Andre Damon
The number of “high net worth individuals” in the United States increased by 8.6 percent in 2014, according to a report released Wednesday by consulting firm Capgemini.
The firm’s 2015 US Wealth Report showed that the number of such “high net worth individuals” (HWNI), or those with $1 million or more in investable assets, grew to 4.4 million, and that their overall wealth grew by 9.4 percent to $15.2 trillion.
Significantly, the enrichment and expansion of this social layer, which makes up slightly more than 1 percent of the population, took place even as the earnings of a typical household continued to decline. The Census Bureau noted earlier this year that the median household income in the US fell from $54,462 in 2013 to $53,657 in 2014, and that this figure is down by 6.5 percent since 2007, the year before the official start of the 2008 recession.
Despite six years of what the Federal Reserve and the White House have termed an economic “recovery,” in which the official unemployment rate has returned to the “normal” level of 5 percent, the incomes of a typical household have fallen year after year during the Obama presidency.
The Capgemini report noted that the US continues to create more wealthy, rich, and super-rich people than any other country.
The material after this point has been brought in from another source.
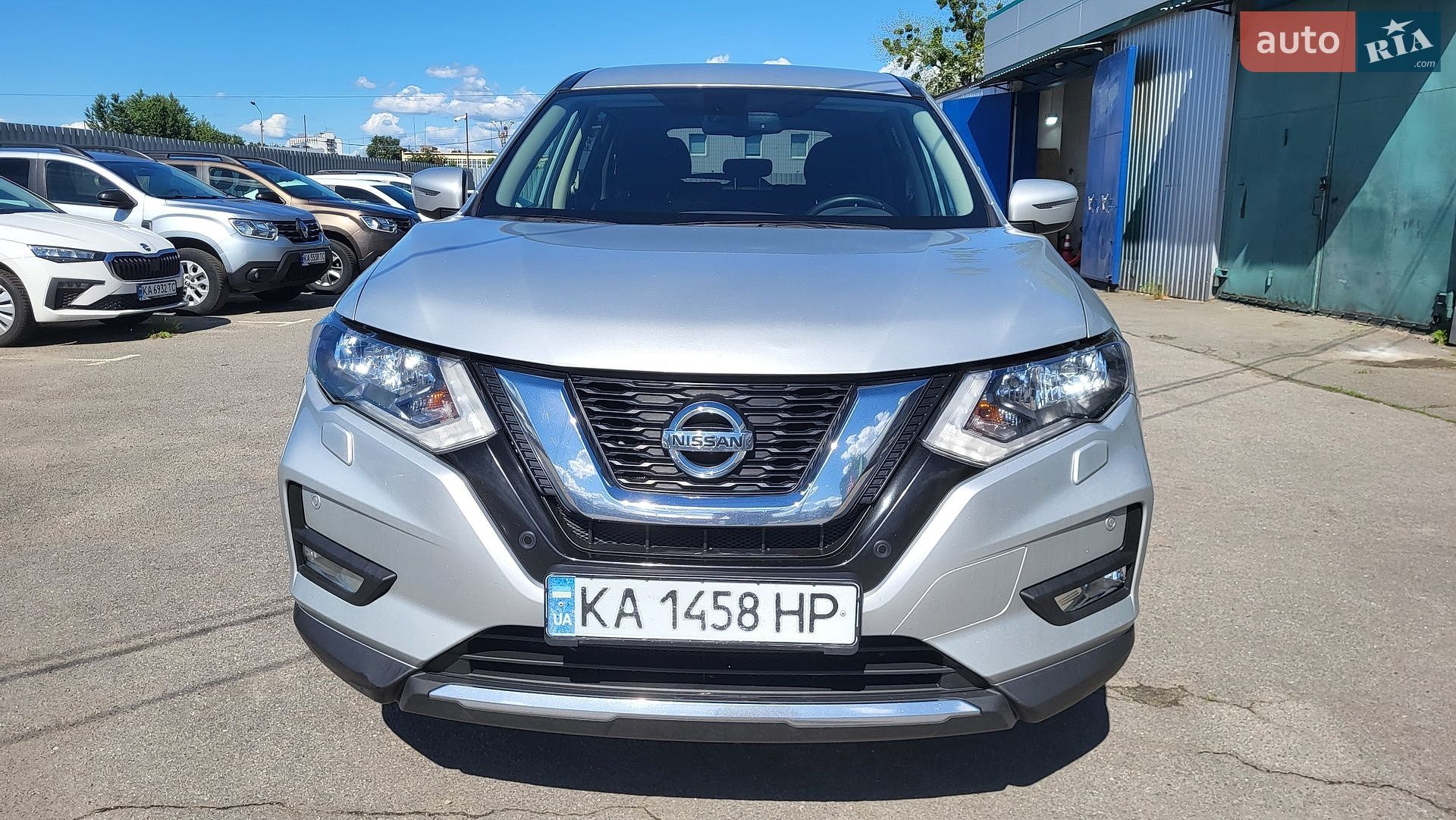 Nissan X-Trail 2021 VIN JN1TCAT32U0125381 фото оголошення 39 з 39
The US accounted for 28.6 percent of all wealth created for HWNI since 2007, despite having only 5 percent of the world’s population.
But even the US’s sharp increase in millionaires was dwarfed in percentage terms by China, whose population of HWNI grew at a rate of 17.5 percent as a result of the country’s speculative run-up in stock prices.
Both the US and China created millionaires more quickly than the rest of the world, whose population of HWNI increased by 6.7 percent, while their wealth increased by 7.2 percent last year, according to the firm.
The rise in the numbers of investable wealth millionaires paralleled the continued growth in stock values, which rose 11 percent last year. This process had in turn been fueled by seven years of bank bailouts, zero interest rates and quantitative easing carried out by global central banks, with the leading role played by the US Federal Reserve.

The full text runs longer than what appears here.